By the way, there’s nothing unique about feeling that you are different from other people, I believe, at least on some levels. I’m sure you’ve felt that way before. Maybe you still do – as I do. But that’s normal. I mean, if we get really specific about the notion of being different, we’re different by definition. No one else shares the same personal history with you. Or your feelings that only you can feel. You’re different from others on so many levels.
Though, at the same time, we have so many similarities with people around us. I firmly believe that these similarities are what unite us and we need to note our similarities much closer than our differences. To make a really simple (and perhaps simplistic) example, I believe you want to live a happy life. Well, just like you, I want to live a happy life too! It’s possible that our definitions of living a happy life differ, and that can be our differences, but this simple desire can be our similarities that make a connection between us.
While there are punk rock and its sub genres as music genres, I’m inclined to think that what kind of music it is doesn’t matter much. Likewise, I’m inclined to think that as long as you’ve got that attitude, it doesn’t have to be expressed in the form of music either; it can be expressed in photography, business, or living.
I believe punk rock is about a certain attitude or stance towards life. The way you dress isn’t important. What you listen to isn’t important. The way you think and the way you act matter.
At this point, the term punk rock starts seeming as if it covers something more general – perhaps non-conformity coincides with what I attribute to and find in punk rock. (Which explains why I resonate with the messages Chris Guillebeau spreads through The Art of Non-Conformity.)
Here’s one more thing about punk rock, which can apply to non-conformity as well. It’s often pictured as resistance to something. There are people who tell you what to do and what to think; you must stand up and resist them. There are people who tell you that you can’t do what you want to do, because it’s too dangerous or because you’re not good enough; you must stand up and resist them.
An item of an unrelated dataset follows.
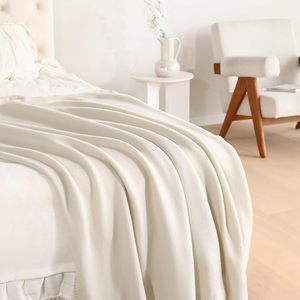 Soft 100% Polyester Polar Fleece White <b>Throw</b> Blanket Solid <b>Grey</b> Rectangular Folded Home Use Winter - Product Image 4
But do you really need to resist? Or, to put it more precisely, do you really need to spend your energy on resisting them when you can use that energy to create something worthwhile?
Here, I have my martial arts training in mind. Generally, resisting isn’t a good move when dealing with attacks unless you are much stronger than your opponent. In order to avoid those attacks, you simply need to change your position slightly – perhaps by moving to a side of your opponent. That way, you can nullify those attacks. If you can completely avoid resisting, that’s much better, because you’ll save your energy and there’s a chance of putting yourself in a better position.
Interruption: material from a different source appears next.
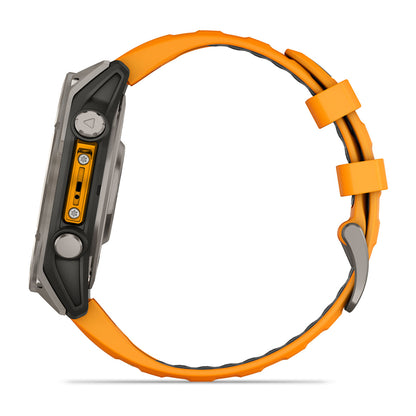 Relógio Garmin fēnix ® 8 Safira Titânio Laranja e Grafite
I believe that when you do what you want to do as an independent individual, you don’t need to spend your energy on resisting others and critiques, especially when you aim somewhere higher where no one else even thinks it’s possible to reach.
Even if you must resist, I believe it’s much better to think of the next step after resisting. What I mean is that you don’t resist for the sake of resisting and it’s better not to forget that you are resisting so you can create something meaningful… well, later on? Or you can be a non-conformist about resisting and simply start creating now. I choose to do so, and what you choose to do is up to you.
What influenced you significantly as you grew up? What do you think about resistance?